The Language of Clothes, by Alison Lurie, 1981
I was de-accessioning my library, and had listed this book on Amazon, but I didn’t have to read more than a few sentences to realize that I want to read it again. Lurie’s observations about fashion are perceptive, very well-written and often very amusing. Her comment on these coats is:
“Women entered the second decade of the twentieth century shaped like hourglasses and came out of it shaped like rolls of carpet.”
When I was teaching, I always stressed that “Costume communicates.” We all speak the language of clothes, and we constantly make judgements based on our reading of what other people wear. Lurie’s book is about the subtle statements and psychological impulses behind our clothing choices, with chapters on “Clothing as a Sign System,” “Youth and Age,” Fashion and Status,” “Fashion and Sex,” and many other topics that explore the clothes we usually take for granted. Her comments on the fashions of the 1920s, in the chapter “Fashion and Time,” interested me particularly, because I have been thinking many of the same thoughts while looking through pattern illustrations of the twenties — but Lurie anticipated my ideas by thirty years.
And she writes really well, so that there is a lot of information packed into her seemingly effortless prose.
Dressing as Children: Thoughts on 1920s Styles
After summarizing several theories about why women minimized their breasts and hips in the twenties, Lurie reminds us that . . .
“It has been sugested that women were asserting their new-won rights by dressing like men; or, alternatively, that they were trying to replace the young males who had died in World War I.

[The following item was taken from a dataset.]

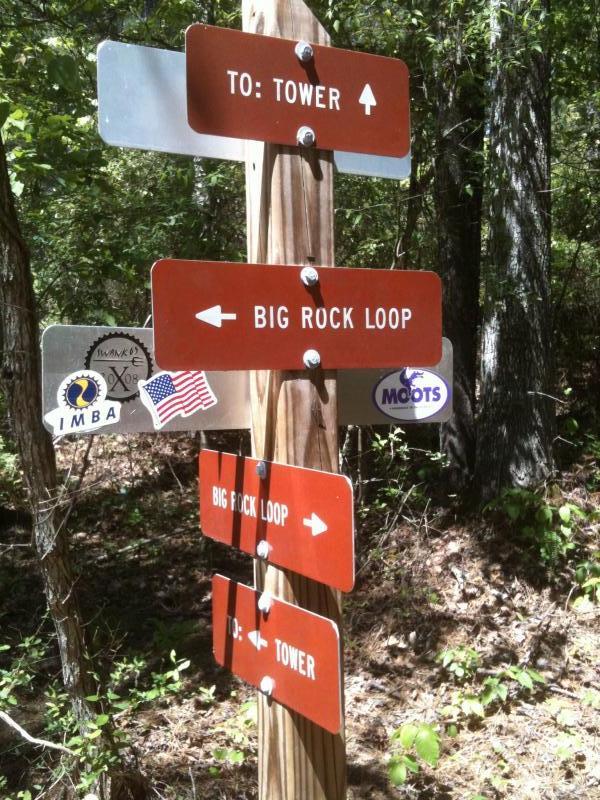 A wooden signpost in a forest with multiple directional arrows. The signs indicate routes to "TOWER" and "BIG ROCK LOOP," with stickers from cycling organizations and brands attached to the post. The surrounding area features trees and natural vegetation. Forks Area Trail System (FATS) mountain bike trail.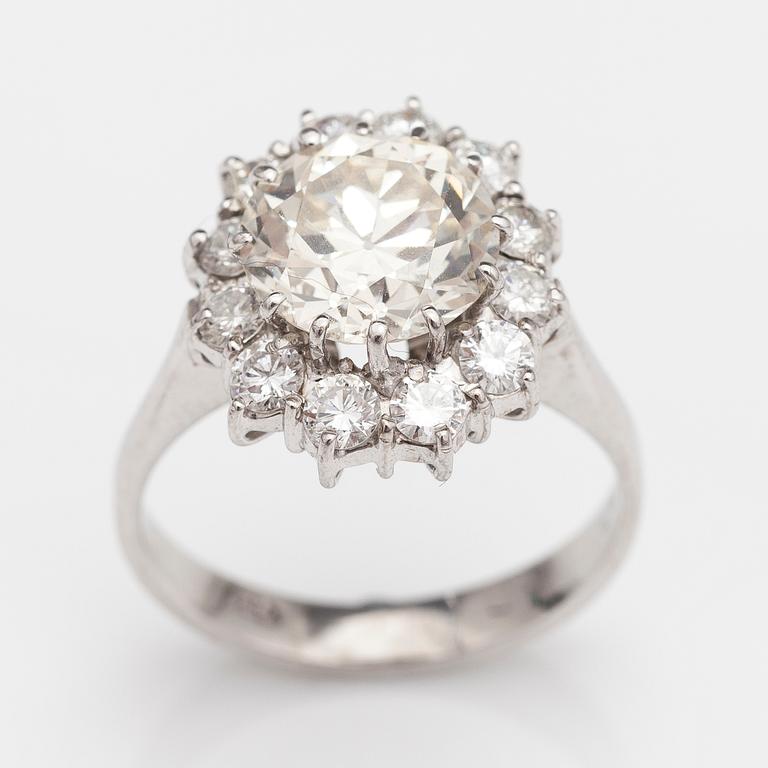 An 18K white gold ring with an old cut diamonds and brilliant cut diamonds ca. 3.68 cts in total. Hallmarked HEG.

“…But a glance at contemporary photographs and films shows that women in the 1920s did not look like men, but rather like children — the little girls they had been ten to twenty years earlier….
“…And although [the flapper] might have the figure of an adolescent boy, her face was that of a small child: round and soft, with a turned-up nose, saucer eyes, and a “bee-stung” mouth.
I have been noticing that patterns for young women, aged 15 to 20 — i.e., ‘flappers’ — were illustrated with very round-headed, big-eyed, baby-like heads, like the prototypical flapper cartoon character, Betty Boop.

Illustrations of a teenager and an adult woman wearing hats made from the same pattern, 1925. Delineator magazine.
Very large eyes, spaced far apart, in a round — rather than oval — head, with a tiny nose and “rosebud lips;” those are the traits associated with an infant’s head.
Alison Lurie goes on to say, “One popular style of the 1920s was the dress cut to look like a shirt, with an outsize collar and floppy bow tie of the kind seen on little boys ten or twenty years earlier. [See above, left.] Another favorite was the Peter Pan collar, named after [the boy who] . . . was chiefly famous for his refusal to grow up. . . . Middy blouses and skirts were now worn by grown women as well as children, and the ankle-strap button shoes or “Mary Janes” once traditional for little girls became, with the addition of a Cuban heel, the classic female style of the twenties.”
“I Won’t Grow Up”
My own observation is that dresses considered suitable for little girls aged 8 to 15 (or younger) in the early 1920s became the adult fashions of the later 1920s. When adult women were still wearing mid-calf-length skirts, in 1924, 12-year-old girls were wearing skirts that came just to the knee. Two years later, adult women — not just ‘flappers’ — were wearing knee-length skirts. The curves of a sexually mature female body were suppressed, or at least de-emphasized. The ideal may have been a ‘boyish’ figure, but it was also the figure of a little girl, too young for adult responsibilities, but insisting upon adult freedom of behavior.
Earlier in the century, young women looked forward to the day when they could “put up” their hair and let down their hems. By 1925, women were reverting to schoolgirl clothing styles: dropped waist lines, short skirts, pullover dresses, and middy-type blouses worn outside their skirts rather than tucked in (a look previously only seen on gym suits and children’s outfits.) Here’s another example of a child’s dress influencing the adult dress on the right:
At least, The Language of Clothes got me thinking more deeply about fashion trends. I’m looking forward to reading it straight through– but it’s hard not to skip ahead to such enticing topics as “Sexual Signals: The Old Handbag,” and the underlying meanings of “Color and Pattern.” It’s available in used hardcover for about $10 plus shipping.